I mopped my lips and excused myself to the ladies' room, and took my time with the hand-washing and the application of vanilla cream lotion and refreshment of lipstick. My hair wasn't too badly damaged from the wrestling match with Detective Rodriguez. In fact, I looked pretty good, for a change.

I felt a tug of longing so strong I had to grab the counter with both hands. I wanted David. I wanted to call him out of the bottle and have him sit across from me and smile and talk, as if there were something approaching a normal life for us, somewhere.

I found my hand slipping down to press flat over my stomach. There was still that unsettling flutter, deep down. The promise of life. I didn't know how to feel about that . . . hopeful? Terrified? Angry, that he'd committed me to a responsibility so huge it made my Warden job look easy?

I wanted to have a normal life with the one I loved.
Ones.
What was vibrating so gently under my fingertips was the possibility, however small, of . . . family.

But I knew normal life was a fantasy, and not just because of the oddness of loving a Djinn. This morning, I'd felt him getting weaker before he'd gone back in the bottle. He hadn't been out that long.

He wasn't getting better, as I'd convinced myself he was.

David was dying.

The despair of that just went on and on, when I let myself look at it straight on.
There's a way to fix this. There's got to be a way. I just have to . . . find it.

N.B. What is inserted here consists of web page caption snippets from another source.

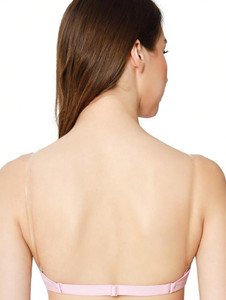 Bewild Women Everyday Lightly Padded Bra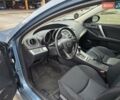 Мазда 3 2011 у Києві на Automoto.ua Синій Мазда 3, об'ємом двигуна 2.49 л та пробігом 130 тис. км за 8700 $, фото 2 на Automoto.ua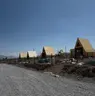 ÇAMLICA DOĞAL YAŞAM BUNGALOV EVLERİ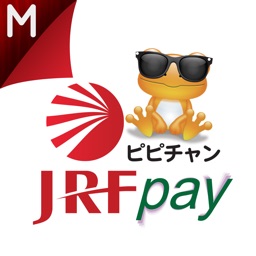 JRF PAY MERCHANT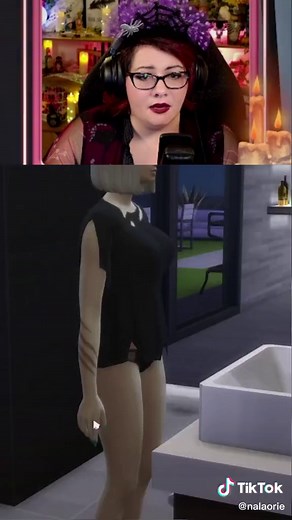 Accélérer la grossesse dans Les Sims 4 avec MC Commander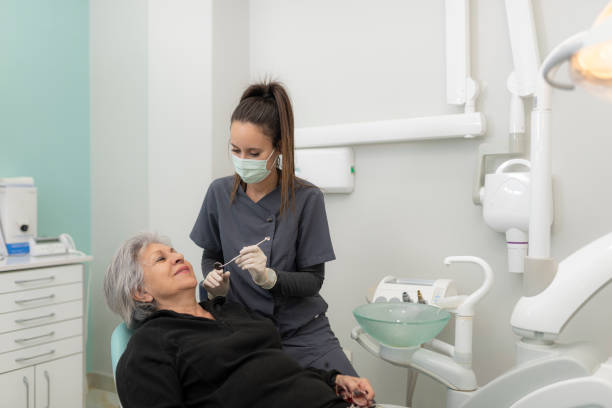 Best Emergency Dental Services for Seniors in Roy, UT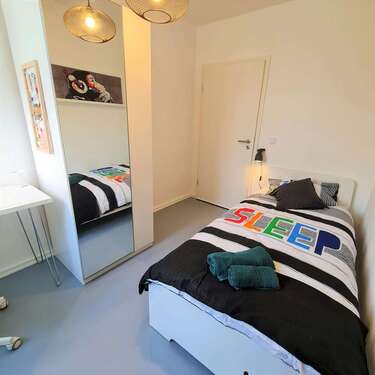 Foto - WG-Zimmer in Bonn 720,00 € 6 m²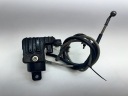 НАСОС ТОРМОЗНОЙ ABS APRILIA SX RX 125 18-23R  фото 5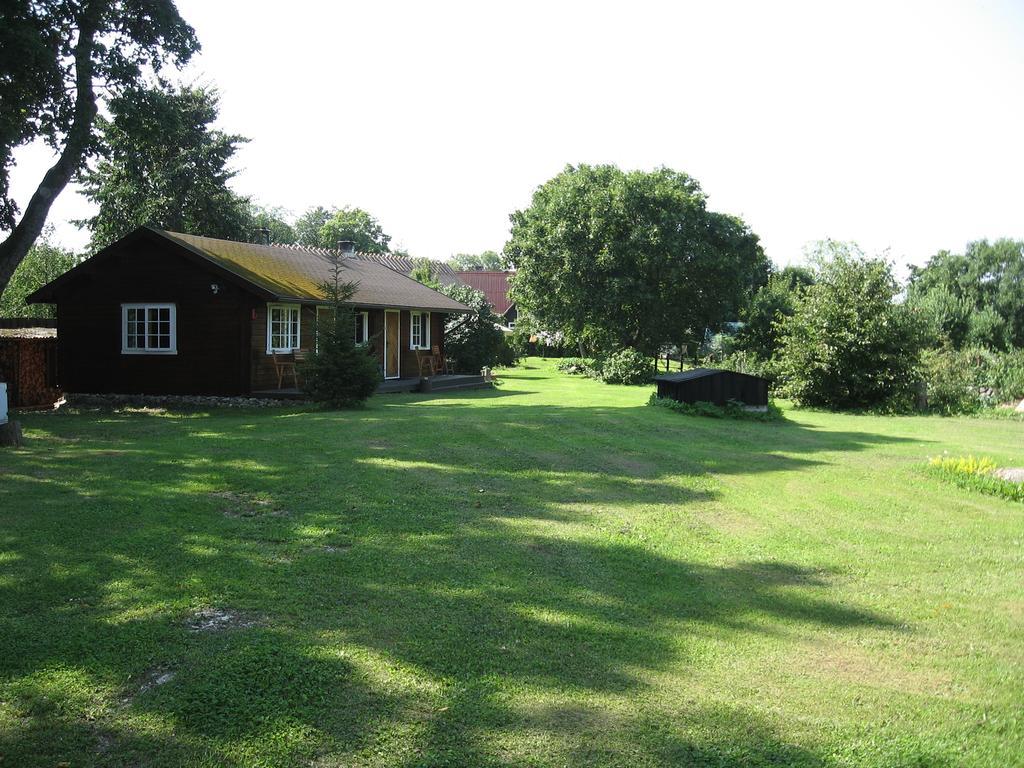 Jurna Recreation Farm Villa Upa Exterior photo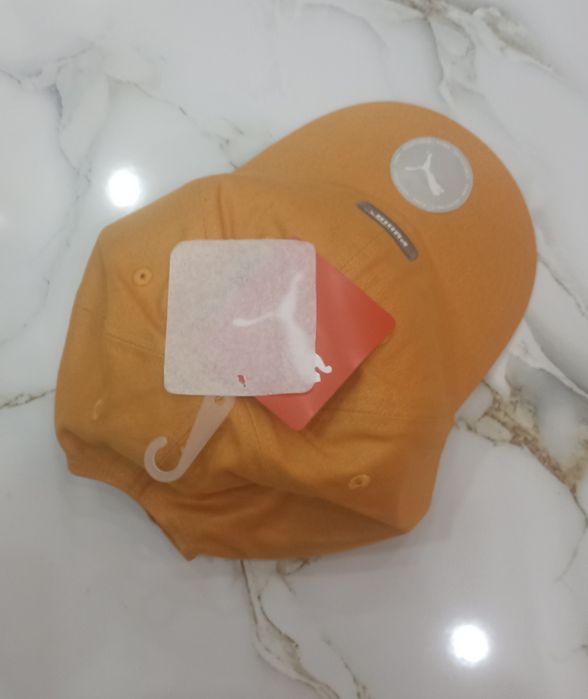 Бейсболка PUMA Ess Cap Iii ОРИГИНАЛ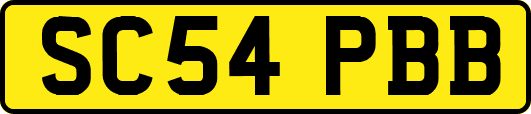 SC54PBB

“Jonathan,” I said. “If you can hear me, please. I'm asking you. For David's sake. Help me.”

No answer. Not that Jonathan was particularly omniscient, of course. I didn't flatter myself to think that he had me on constant observation; hell, I probably didn't even rate a speed dial. Time passed differently, to Djinn. He'd probably forget all about me until I was eighty and pushing my walker around the retirement home.